2. Materials and Methods

2.1. Catalyst Preparation

CZMNZA catalyst was prepared via the wet impregnation method. Firstly, commercially purchased Al₂O₃ support from Merck was heated at 400 °C in flowing Ar for 5 h to eliminate moisture and impurities. The amount of precursor, Cu/ZnO (15 wt.%) with ratio of 70:30 and promoters (0.09 wt.%) with Mn:Nb:Zr ratio of 4:1:1, was calculated based on the prepared total mass of the catalyst. The desired amount of copper (II) nitrate trihydrate (Cu(NO₃)₂.3H₂O), zinc nitrate hexahydrate (Zn(NO₃)₂.6H₂O), manganese (II) nitrate tetrahydrate (Mn(NO₃)₂.4H₂O), ammonium niobate (V), oxalate hydrate (C₄H₄NNbO₉.xH₂O), and zirconium (IV) oxynitrate hydrate (ZrO(NO₃)₂.H₂O) were dissolved in a required amount of deionized water to produce a 0.5 M aqueous precursor solution. The solution was stirred for one hour to ensure homogeneity. The prepared aqueous precursor solution was then added into a beaker containing Al₂O₃ support in a dropwise manner. The solution’s pH was maintained at 7 with the addition of 10% ammonia solution or 10% nitric acid solution. The mixture was filtered and rinsed with deionized water after 24 h of stirring. The paste was dried for 12 h at 120 °C and calcined for 4 h at 350 °C.

2.2. Catalyst Performance Evaluation

The catalyst longevity study was carried out using a stainless steel fixed-bed reactor (Microactivity Reference, PID Eng.Tech) for two, seven, and 14 days. The catalyst powder was reduced in H₂ flow at 243 °C for 6 h and then evaluated for CO₂ hydrogenation reaction at a 300 °C reaction temperature, 31.25 bar reaction pressure, 2160 mL/g.hr GHSV, and H₂:CO₂ of 10:1. After each reaction period, spent catalyst samples were retrieved and characterized.

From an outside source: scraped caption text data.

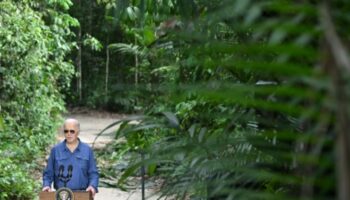 Biden bei seinem Besuch in Manaus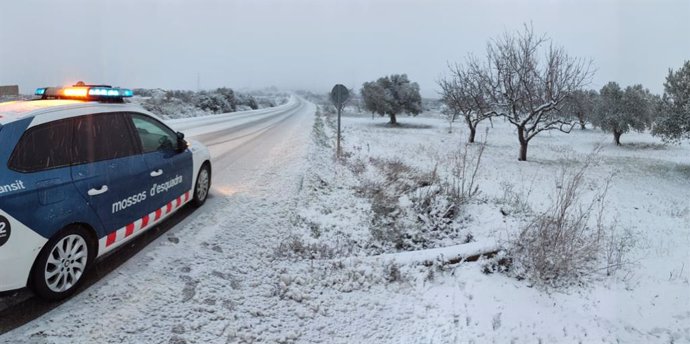 La nieve ha obligado a suspender el transporte escolar de Terra Alta (Tarragona)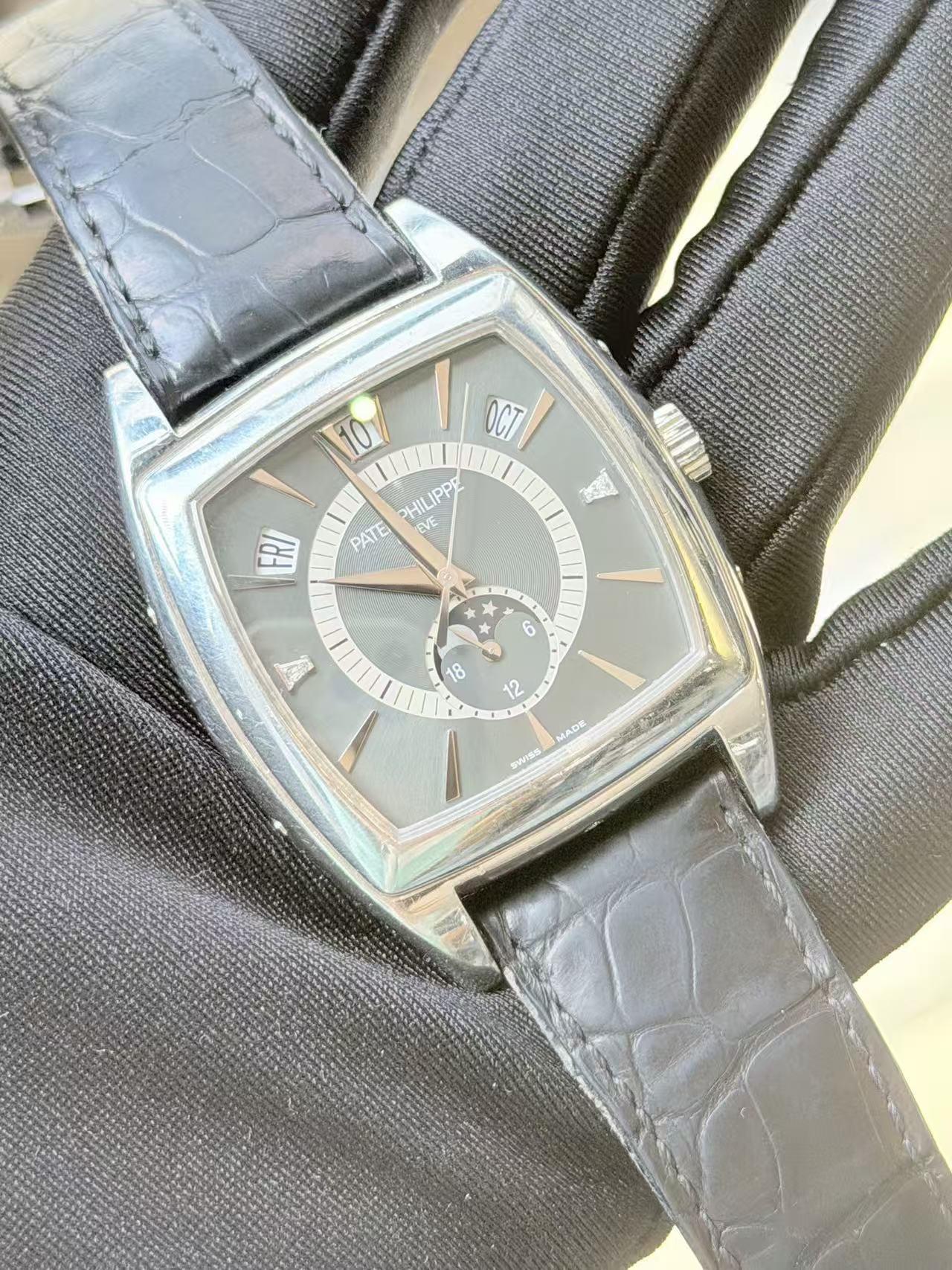 Patek Philippe 5135P-001 detail 1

2.3. Catalyst Characterization

Textural analysis was performed on a Micromeritics ASAP 2020 analyzer by determining nitrogen adsorption/desorption isotherms at −196 °C. Prior to analysis, the sample was degassed at 350 °C (heating rate 10 °C/min). The Brunauer-Emmett-Teller (BET) specific surface area and pore volume were calculated using the adsorption data. The mean pore diameter of the isotherm desorption branch was calculated using the Barrett-Joyner-Halenda (BJH) model [21]. Morphologies and elemental composition of the samples were observed on the Hitachi SU8020 field emission scanning electron microscope-energy dispersive x-ray (FESEM/EDX). Samples were prepared by dispersing the powdered samples on carbon tape and aluminum tape. Particle size distribution of the spent catalysts was measured using a high-resolution transmission electron microscope (HRTEM). The powdered sample was suspended in isopropanol, followed by ultrasonication for 30 min. The grid was then placed in the sample chamber to analyze the shape of the nanoparticles, the size of metal oxide particles, and the coverage on the support. The N₂O chemisorption technique was used to determine Cu dispersion, surface area, and particle size. The analysis was performed using a Micromeritics Autochem II 2920 instrument. The surface composition of the spent catalyst was determined by x-ray photoelectron spectroscopy (XPS). The XPS spectra were obtained using an XPS Thermo-Fisher K-Alpha instrument. X-ray diffraction (XRD) patterns were carried out on a Shimadzu XRD-7000 by Shimadzu, Japan. The XRD measurements were performed at room temperature using 2θ (Bragg angle) ranging from 10° to 80°, with step size 0.024°/step and 1s/step.

3. Results and Discussion

3.1. Catalyst Performance in Extended Reaction Duration

Table 1. Catalytic performance of CZMNZA catalyst in extended reaction durations.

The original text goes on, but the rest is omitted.